Somut olayda, alacaklı vekili, takip konusu çeklerin ileri tarihli olarak düzenlendiğini ve keşide tarihi itibariyle borçlu şirket yetkililerinin münferit imza ile borçlu şirket adına çek düzenleme yetkilerinin bulunduğunu ileri sürmüştür.

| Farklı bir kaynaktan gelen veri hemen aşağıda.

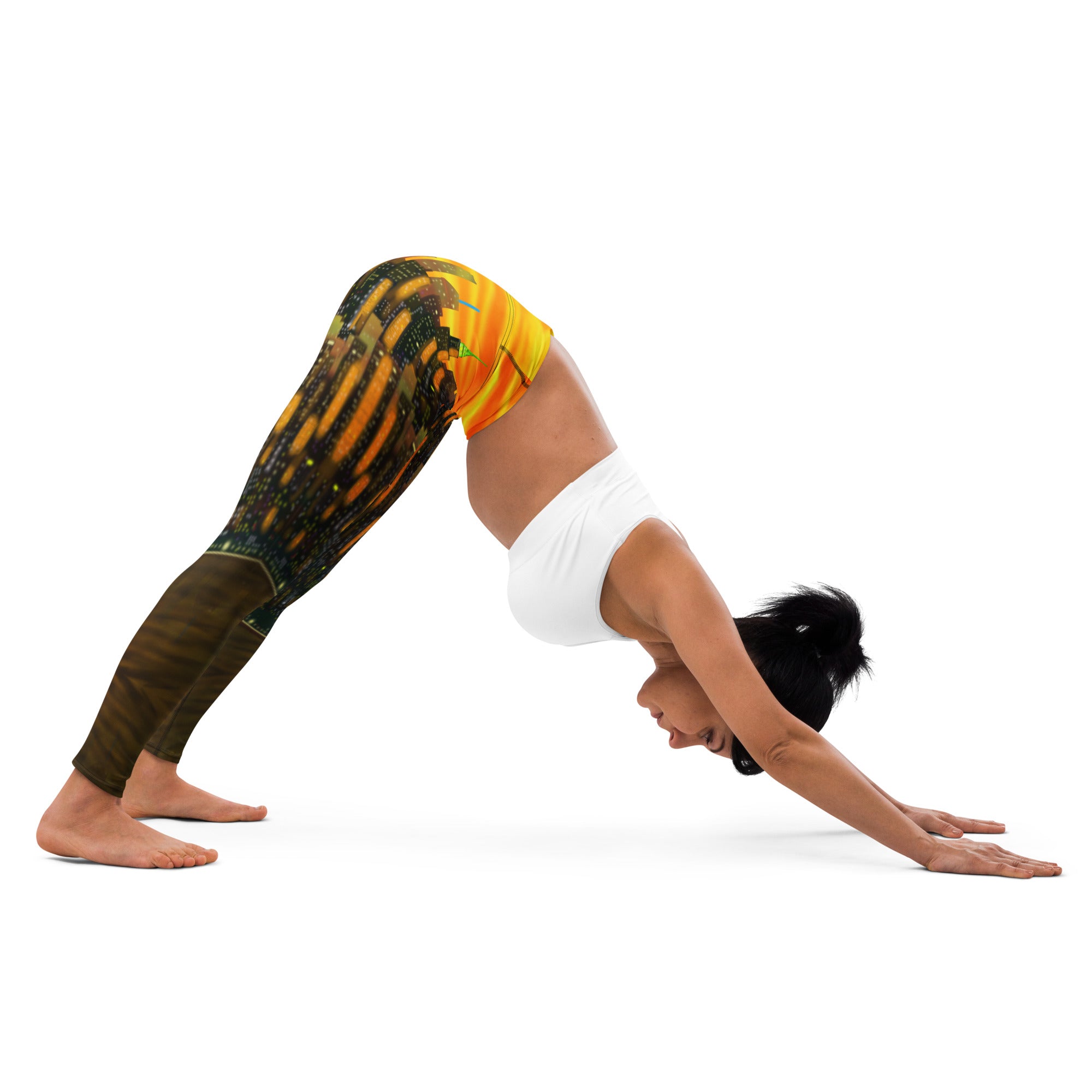 Person wearing colorful Loria NYC Art leggings and a white top in a yoga pose on a white background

Takip dayanağı çeklerle ilgili olarak düzenlenen 23.10.2008 tarihli tahsilat makbuzunda, takip konusu tüm çeklere atıf yapıldığı ve anılan makbuzun 23.10.2008 tarihinde borçlu tarafından alacaklı .. Kimya A.Ş.’ye teslim edildiği görülmektedir. Dolayısıyla dayanak çeklerin 23.10.2008 tarihinde düzenlendiği anlaşılmaktadır. Mahkemece, yargılama aşamasında anılan belgedeki imzaların inkar edilmediği gözetilerek, 23.10.2008 tarihinde borçlu şirket yetkililerinin münferiden imza atmaya yetkili oldukları 16.10.2008 tarihli "görev taksim kararı"ndan anlaşıldığından, takip konusu çeklerdeki imzaların, (bankaya ibraz edilmediği saptanan 18.7.2009 tarihli çek dışındaki) bu tarihteki yetkililere ait olup olmadıklarının araştırılarak sonucuna göre bir karar verilmesi gerekirken, yazılı şekilde eksik inceleme ile sonuca gidilmesi isabetsizdir...)
gerekçesiyle bozularak dosya yerine geri çevrilmekle, yeniden yapılan yargılama sonunda; mahkemece önceki kararda direnilmiştir.
Hukuk Genel Kurulu"nca incelenerek direnme kararının süresinde temyiz edildiği anlaşıldıktan ve dosyadaki kâğıtlar okunduktan sonra gereği görüşüldü:
Dava, davacı-borçlu hakkında başlatılan icra takibine dayanak yapılan çeklerdeki imzanın borçlu şirket yetkilisine ait olmadığı itirazına ilişkindir.
Davacı-borçlu vekili, Konya 2.İcra Müdürlüğü’nün 2009/8409 esas sayılı dosyası üzerinden müvekkili şirket aleyhine icra takibi yapıldığını, takibe konu çek asıllarında tek imza olduğunu, müvekkil şirket temsilcilerinin yapacakları işlemlerde tek imza ile yetkili olmadıkları, müşterek imza ile yetkili olduklarını, ayrıca takibe dayanak çeklerin altındaki imzaların şirket yetkililerine ait olmadığını belirterek, takibin iptaline karar verilmesini talep etmiştir.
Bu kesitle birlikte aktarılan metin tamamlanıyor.